§ Your instructions: Please print exactly the lines from the one containing "Иллюстрация к книге" through the last line of the records, and only those. Leave out any pictures.

§ Data to use:
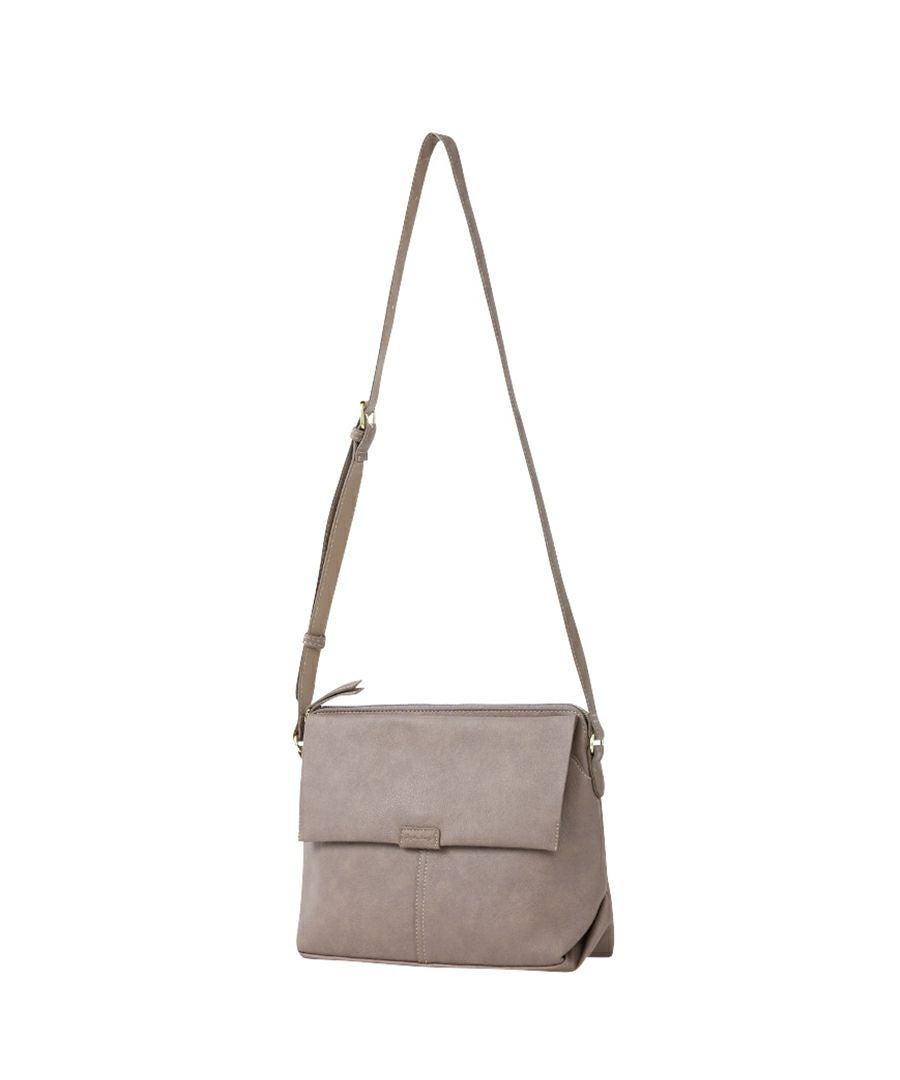 Legato Largo ショルダーバッグ お財布機能付き 多収納 A5 ネオノスタルジック LH-D1227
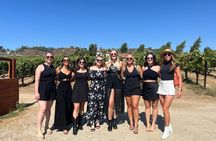 Guided Temecula Winery Tour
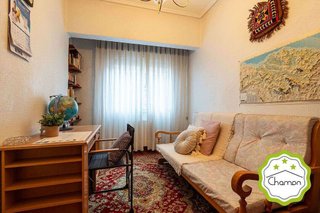 Piso en venta en Centro - Desierto - Arrontegi en Barakaldo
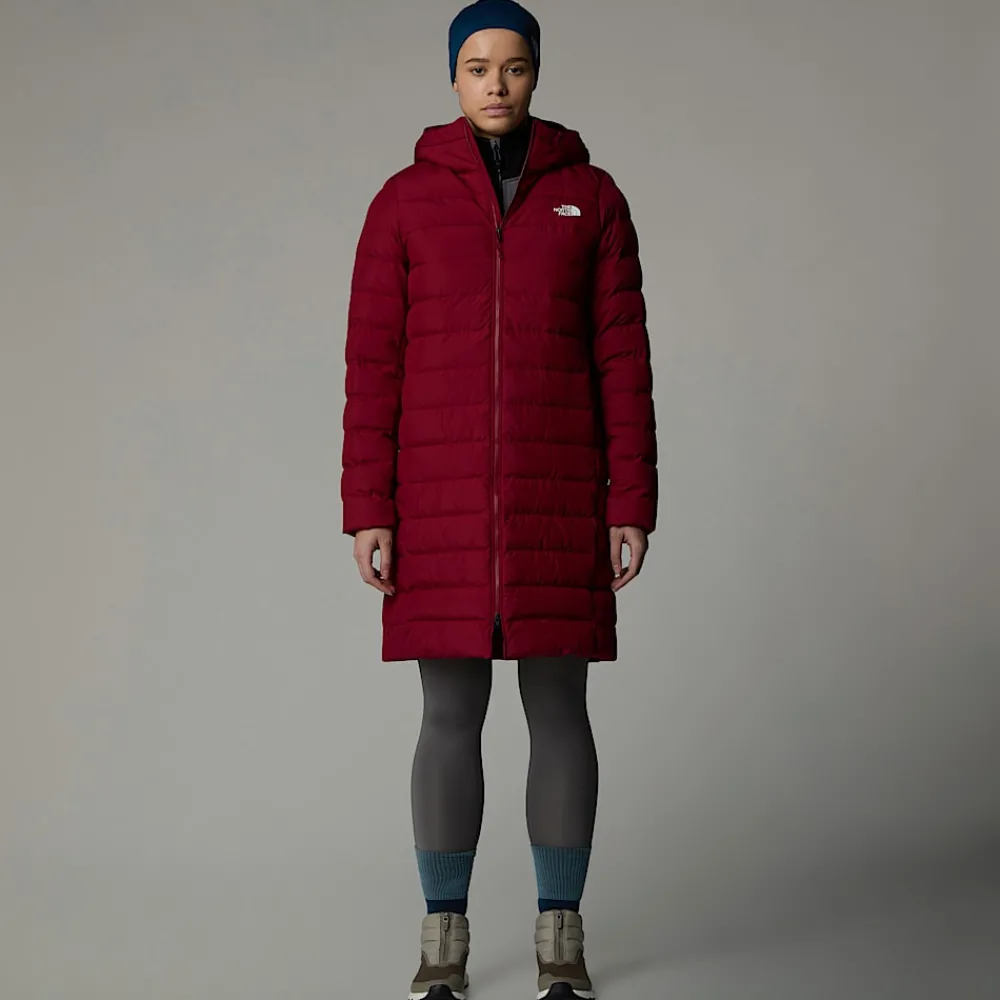 Parka Aconcagua Para Mujer-The North Face Outlet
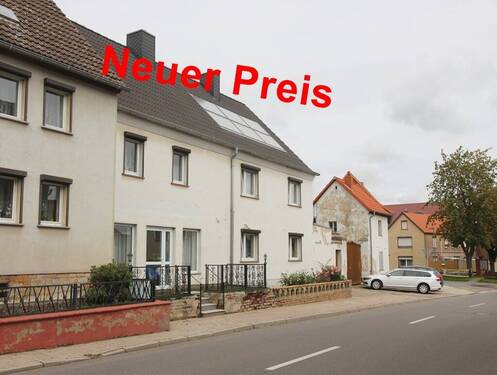 Ansicht.JPG - Vierseitenhof mit Gestaltungspotenzial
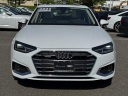 Thumbnail image of 2021 Audi A4 at Audi of Huntington
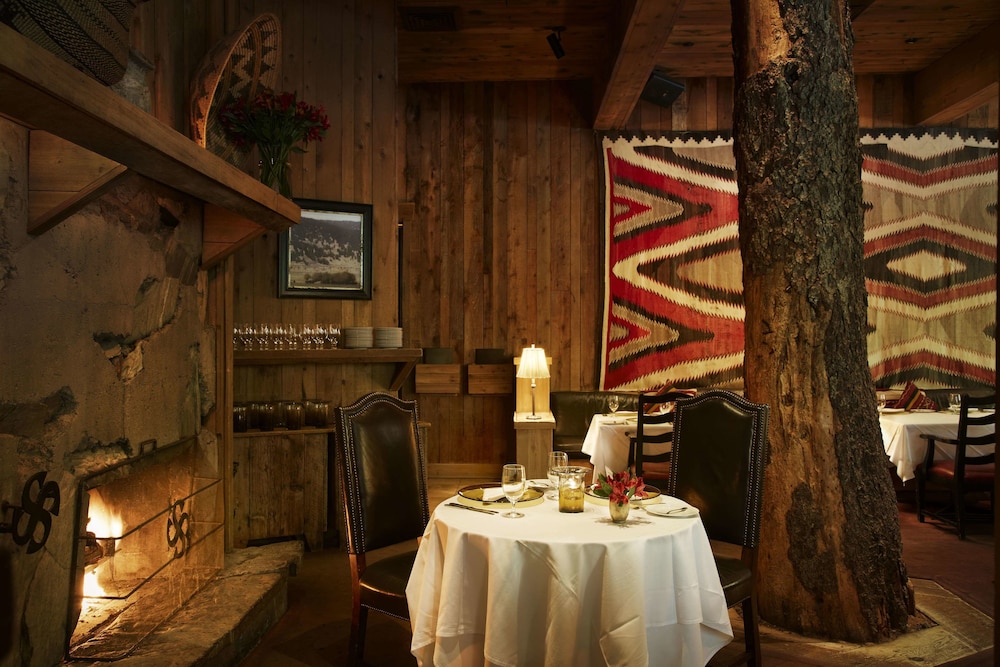 Sundance Mountain Resort 32/72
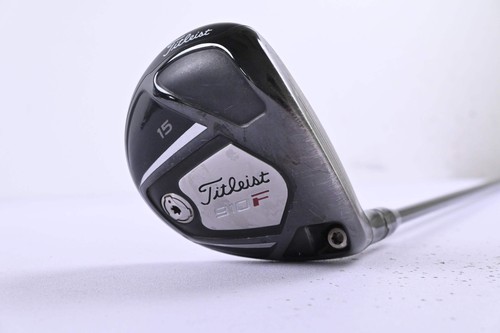 Titleist 913 wood 15 - titleist,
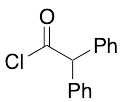 Diphenylacetyl Chloride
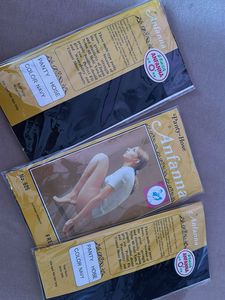 3 Pairs Anfan Panty Hose ( stocking)
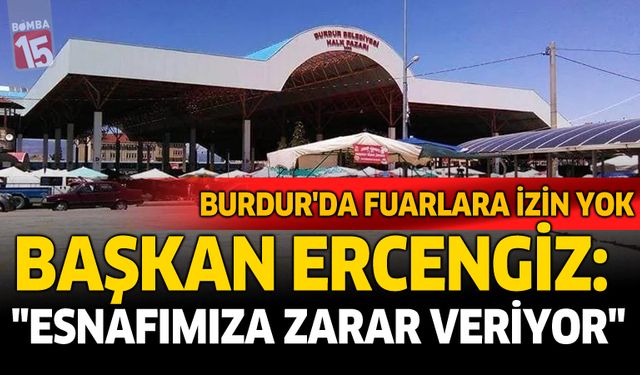 BURDUR HABERLERİ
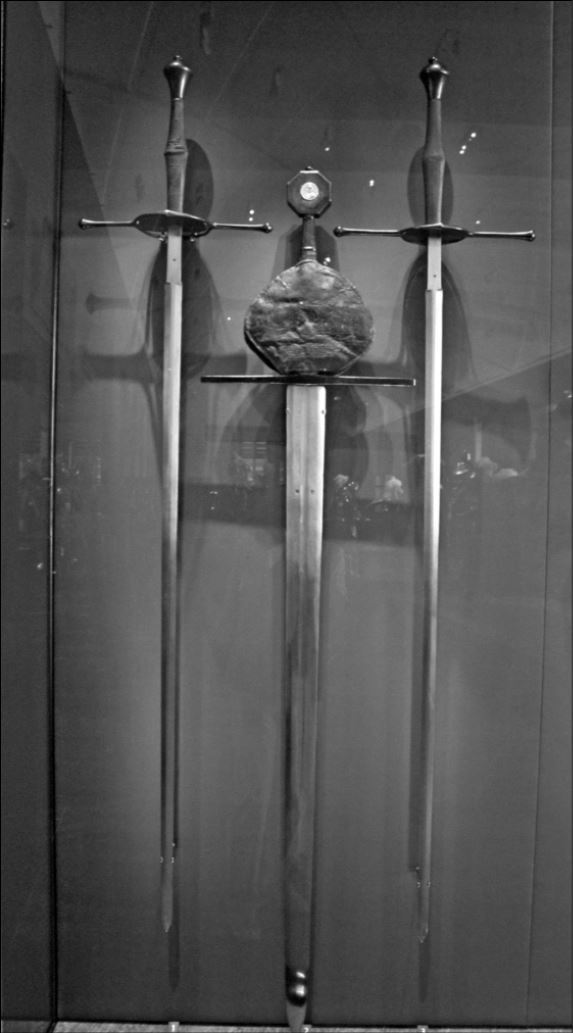 Иллюстрация к книге — Крестоносцы. Первая полная энциклопедия [i_363.jpg]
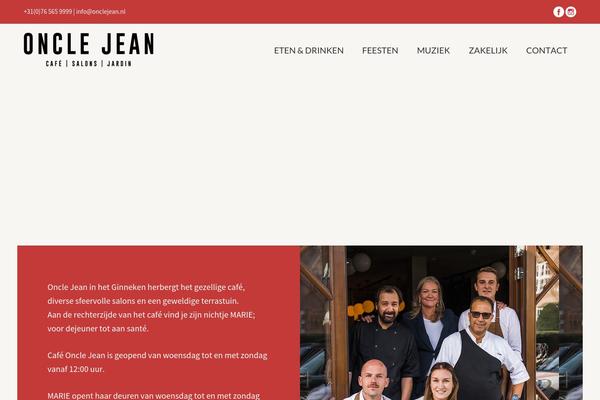 Site using Wp-acf-vc-bridge plugin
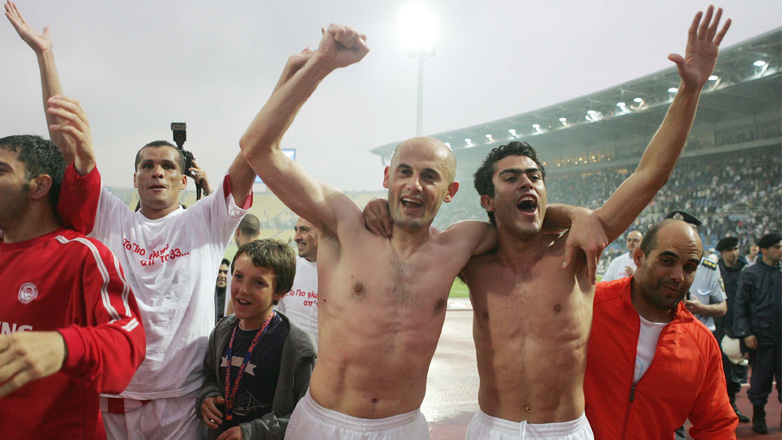 Καστίγιο κατά Τζόρτζεβιτς: «Θα είχες 5-6 γκολ κάθε χρόνο χωρίς τα πέναλτι–Εγώ δεν είμαι υποκριτής»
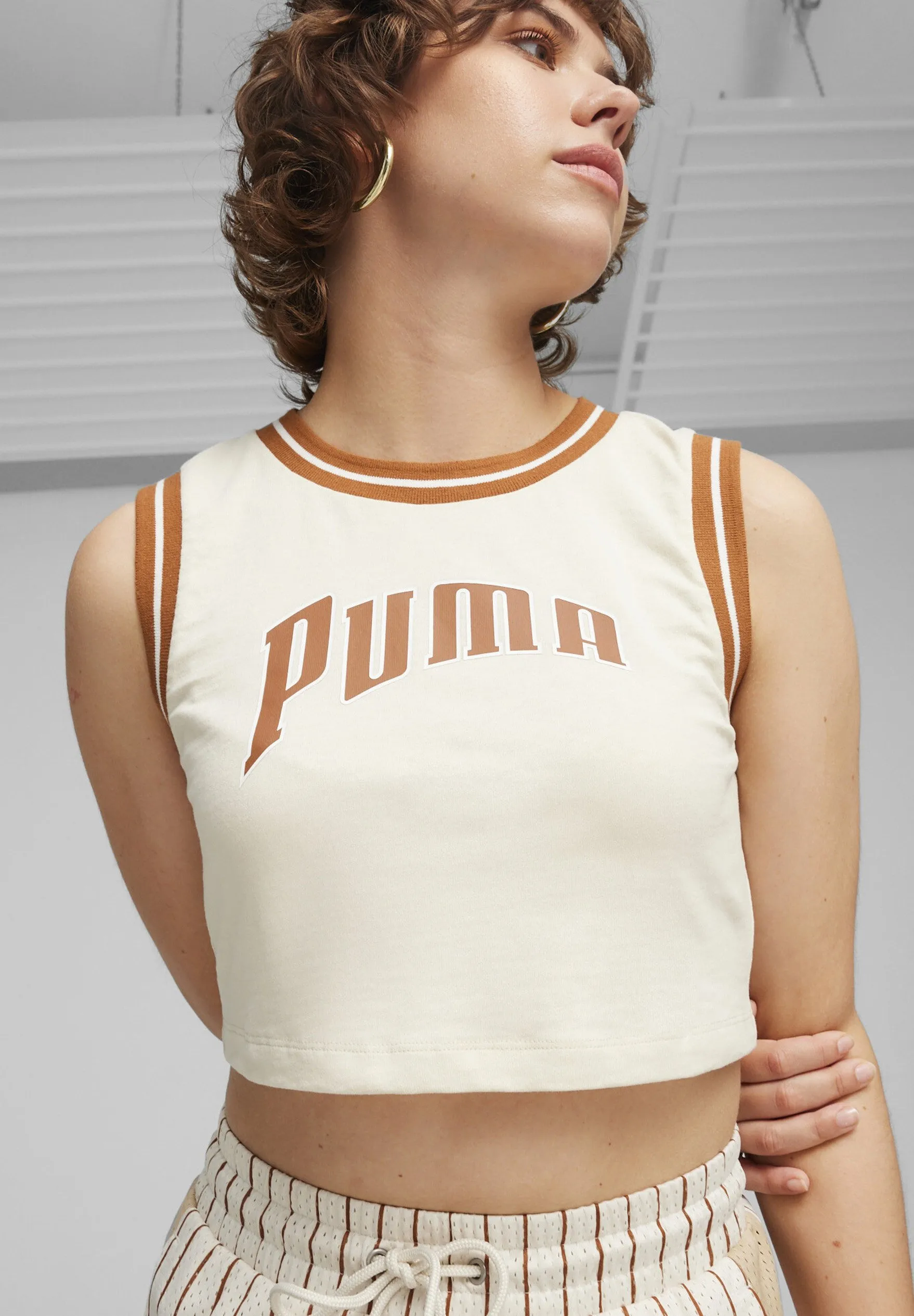 TEAM FOR THE FANBASE GRAPHIC CROPPED - Top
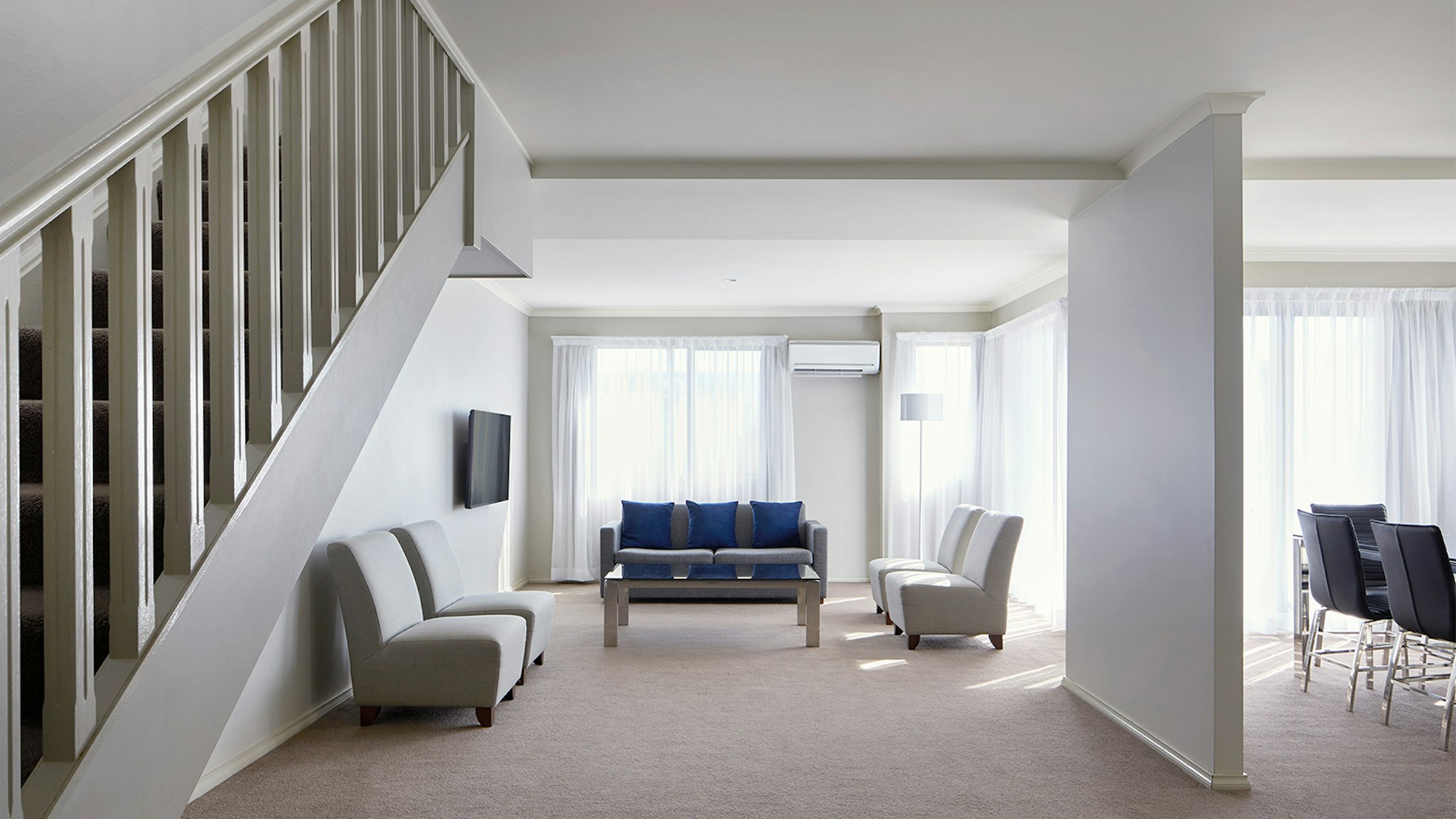 Pinnacle Apartments، كانبرا 25/43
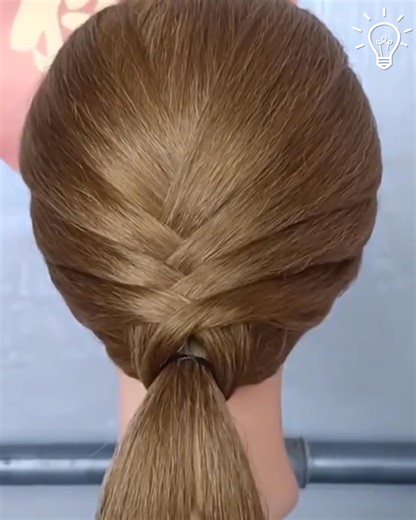 A hairstyle for each day of the week! | Timeless Touch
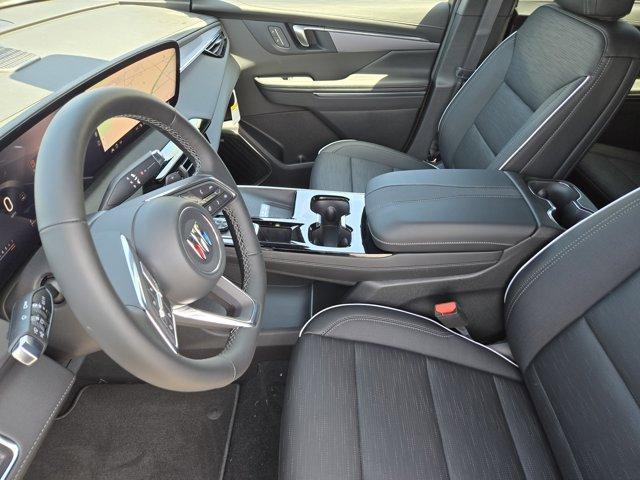 new 2025 Buick Enclave car, priced at $51,830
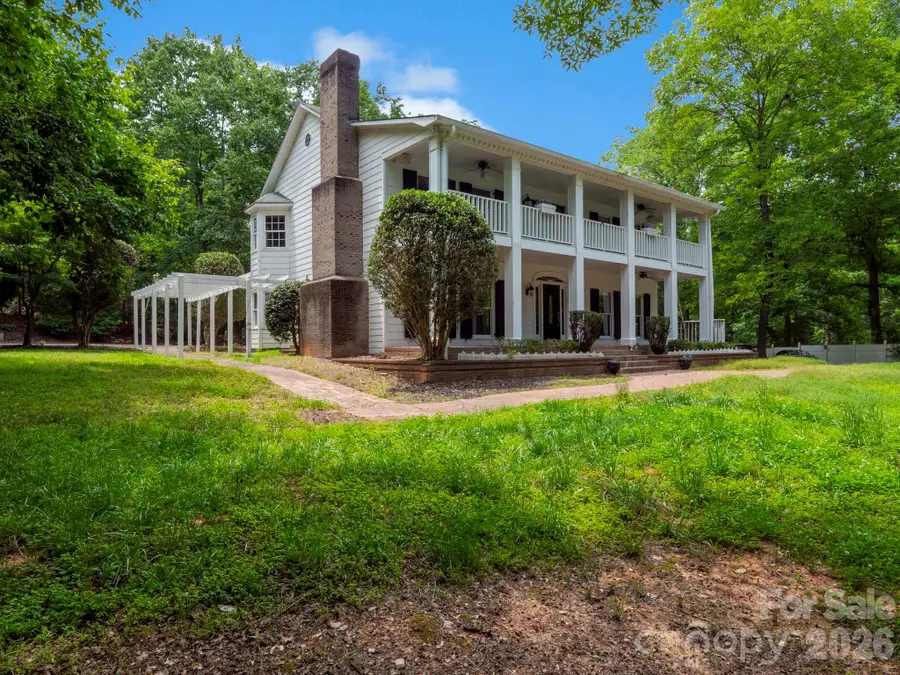 9124 S Providence Road, Waxhaw, NC 28173 - #2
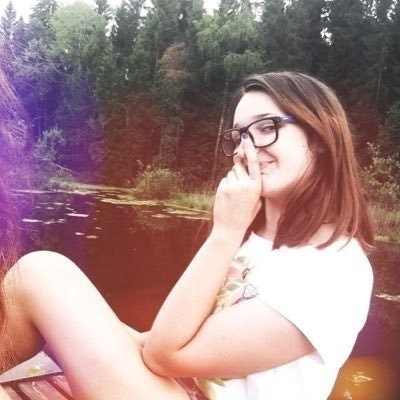 Анастасия Комарова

§ Exercise response:
 Иллюстрация к книге — Крестоносцы. Первая полная энциклопедия [i_363.jpg]
 Site using Wp-acf-vc-bridge plugin
 Καστίγιο κατά Τζόρτζεβιτς: «Θα είχες 5-6 γκολ κάθε χρόνο χωρίς τα πέναλτι–Εγώ δεν είμαι υποκριτής»
 TEAM FOR THE FANBASE GRAPHIC CROPPED - Top
 Pinnacle Apartments، كانبرا 25/43
 A hairstyle for each day of the week! | Timeless Touch
 new 2025 Buick Enclave car, priced at $51,830
 9124 S Providence Road, Waxhaw, NC 28173 - #2
 Анастасия Комарова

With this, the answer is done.